The Diamond (Status)
The recent Te Ati Awa Iwi Award awarded to Andrews is a collaboration between Te Ati Awa, Ngati Toa and Nuku Ora to acknowledge our whānau and their life’s work to encompass Oranga tonu tanga, or a "pathway to continuous wellbeing".
Bases Loaded
Juggling a high-performance sporting career, an academic career, and family is always the “balancing act”. Lara says she loves the role at the University because she can bring her sporting skills and educational experience together. It all comes from a desire to help young people eager to work in the sector.
In America, Lara excelled at the sport she loves —softball. She played professionally while dedicating herself to academic study for 13 years at the University of Delaware. She designed a course promoting social Inclusion (in partnership with Special Olympics), giving students the ability to learn and play alongside athletes with intellectual disabilities on campus.

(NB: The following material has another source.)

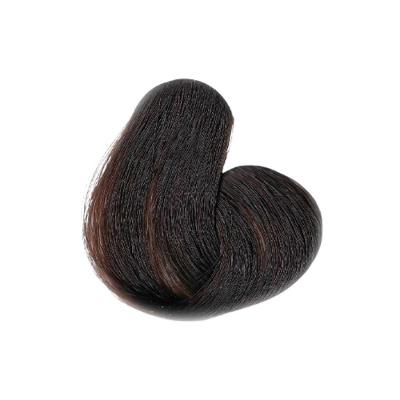 Red Iron Color - Coloração 5.77 - Castanho Claro Marrom Intenso 60g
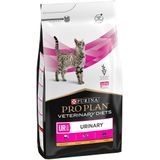 5kg UR ST/OX Urinary Kip Purina Pro Plan Veterinary Diets Feline Kattenvoer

The most important aspect of this, Lara says, is connection. “Not just learning theory, but getting to know people living with intellectual disability, actually working with them and gaining both understanding and a connection. This course is still being delivered today 9 years later”.
Home Run
Returning to New Zealand, Lara has built on that international experience and now teaches both undergraduate (launched this year 2025) and the brand new Master of Physical Activity and Hauora (launched in 2024).
Lara says sport was a way of learning for her. A safe space, and a place to feel more comfortable, given the rudimentary requirements around reading and writing weren’t offered in consideration of bilingual learners back then.

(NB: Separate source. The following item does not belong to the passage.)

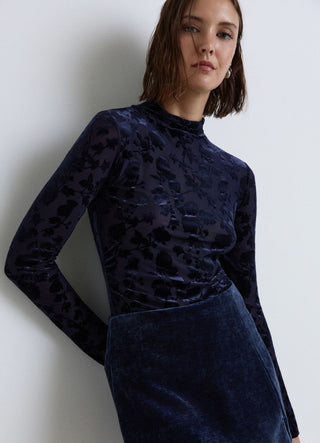 LISTING-SAB0088722001-S039.jpg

“When I was 18 there was no space for me here at the University. There was no opportunities to study sport or physical activity in the city where I was raised. So instead, I chose to travel overseas to gain that experience.”
She also has sport in her blood. Her cousins include famous golfer Michael Campbell (“he was in his prime when I was in my teens, I was on his parade float”) and Anna Andrews-Tasola, Head Coach for Netball team The Pulse.

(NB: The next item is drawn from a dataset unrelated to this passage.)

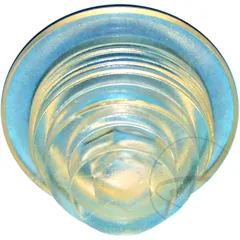 Filter Cap for AVL DiGis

Te Ao Maori is in a growth phase, says Lara. She was able to use some of the tenets when overseas and communicate in a way that non-speakers were still able to learn. This has also informed the way she teaches.
“Last year we built a new Masters of Physical Activity and Hauora and it is entirely about building community. What is special is seeing the feedback from students that say they never thought they would go to university, or never thought they would go back. They have increased confidence. They are realising their capability through learning from other students, and with other students from all areas of the sector, ACC, council, Healthy Families, Sport NZ, other sports organisations. It is all about passion, being active, exploring our natural environments and the connections to wellbeing”.
Around 90% of the Masters students were students 10-20 years ago, or this is their first time in tertiary education, but they have strong experience in the sports, play and exercise sector already.
Lara says her role as an educator, and this course in particular, gives her the platform to be both and do both, to role model sport as vocation and lifestyle choice, and to build opportunity for young people working in the sector.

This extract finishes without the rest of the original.